Edges do much of the work in suggesting depth. A thick line brings the shape forward; Dan Gheno’s drawing reminds us that a light, thin line indicates a plane receding into the background. But edges aren’t just about lines. In more tonal pieces, a harder edge and a marked contrast between planes create a form that is closer to the viewer than one with a softer, lighter look. This is essential for cast shadows—a shadow is sharpest at the point where it touches the object casting it, and it diffuses as the shadow lengthens away from the object.
Drawing the Cube—Drawing the Figure
In the most basics of drawing, the human body can be reduced to basic geometric volumes. The head, ribcage, and pelvis are the three main masses of the body, and they are connected by the vertebral column, which can independently tip, turn, and tilt. The front, side, and back views of the figure, built as cubes, illustrate the variety of these movements. Each mass is in a different position in space. Note the imaginary center marked on each mass, describing the orientation. Many artists find it helpful to use the cube to understand and re-create complex forms in nature, as shown in some of Luca Cambiaso’s drawings.
When imagining the head, ribcage, or pelvis as boxes, we find that they are rarely seen at predictable views but are continuously changing in their positions in space.
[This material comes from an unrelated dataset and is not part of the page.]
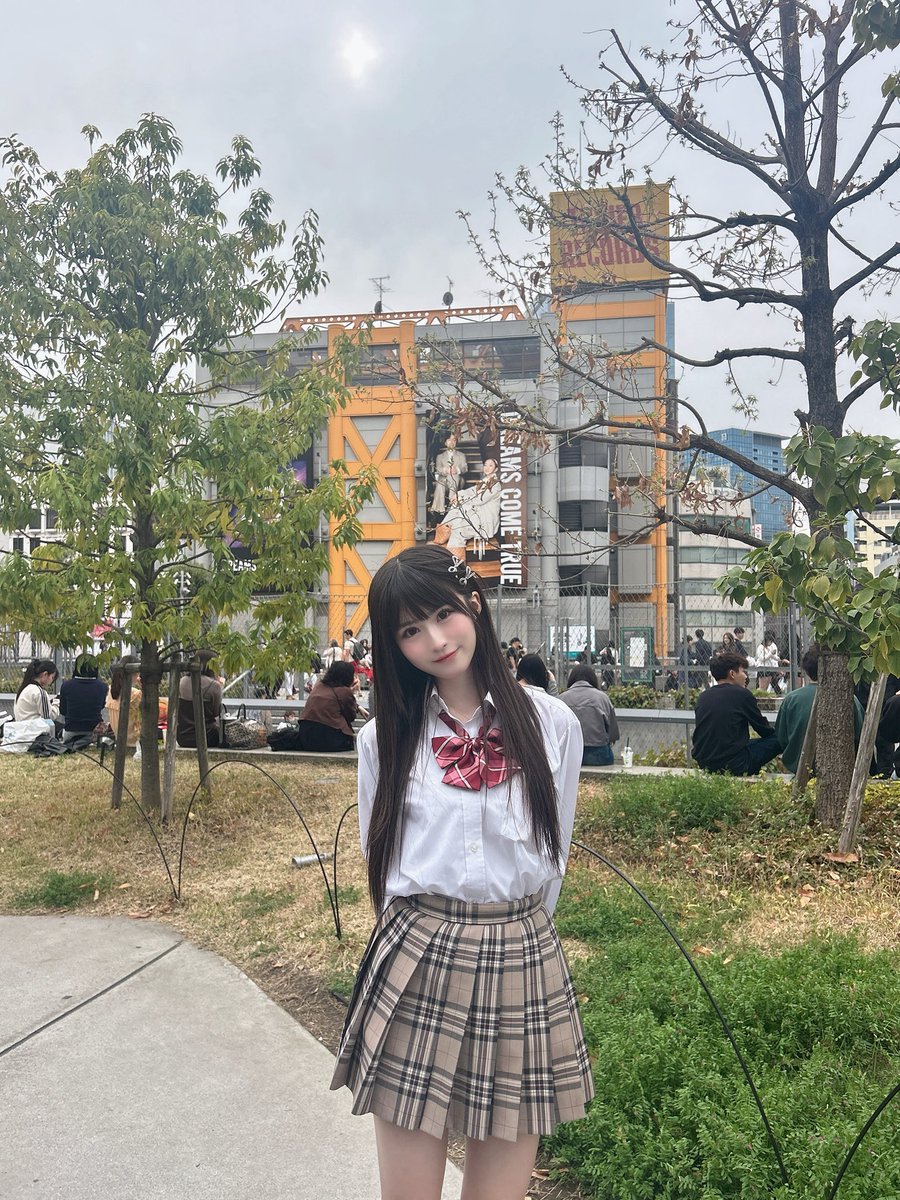 上杉 椛恋 （かれん） tweet media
Illustration 1 shows a series of rectangular cubes presented as a head thrown into different perspectives. In the center row and middle rows the cube is tipped and turned and all of their respective positions appear to be vanishing to a true horizon—that is, all lines are vanishing to the eye level of the viewer. The outside rows show the cube tipped, turned, and tilted, which means all lines are vanishing to a false horizon—they are no longer vanishing to the eye level. This is most often the case when drawing the head. Note the axis of the head that orients its position in space. The axis is an imaginary rod running through the middle center of the mass.
Good drawing requires developing the ability to depict anything so that it appears structurally correct and undistorted. By far the best method for learning to draw is to draw actual objects from life—not copying reproductions or photographs. Mastery comes through constant practicing of drawing techniques and skill. Keep nurturing your creativity while working on the more formal exercises. In the long view they will help one another.
Making Art According to Leonardo da Vinci’s Motto
|Left: Kem, detail, 2004, 48 x 24, oil on canvas. Right: Hands #1, 2011, 24 x 24, oil on canvas.
I am not claiming either painting is better, but without my figure drawing
practice between 2004 and 2011 I couldn’t have painted the newer painting.
Few match, and I’d argue that none surpass, the genius of Da Vinci. But Da Vinci himself may not have seen it that way. It is said that his motto was Ostinato Rigore. This translates to something like “persistent rigor.” Da Vinci tirelessly pursued his art, from moving line drawings to designs for incredible inventions, and allowed no obstacle or challenge to deter him.
Yes, there is such a thing as talent. There are prodigies out there in the world. But the pencil and the brush hide continents of complexity. A prodigy may pick up either one and make a great painting or draft a beautiful drawing the first time he or she tries. But to make a life of it—to produce a great body of work, perhaps to change the world as Da Vinci did—takes persistent rigor.
Beauty and truth are fine things, and they live on a high mountain. Sometimes, in the dreams of talent and prodigy, we fly up and touch them. But it is only by climbing a little bit every day that we can hope to make a home with them, and share their company for an extended time. Some people are born with talent, but nobody is born with skill. Skill is the mastery of materials and techniques, learning the basics of your art form, and there is no way to get to that level of expertise except by practicing, by showing persistent rigor.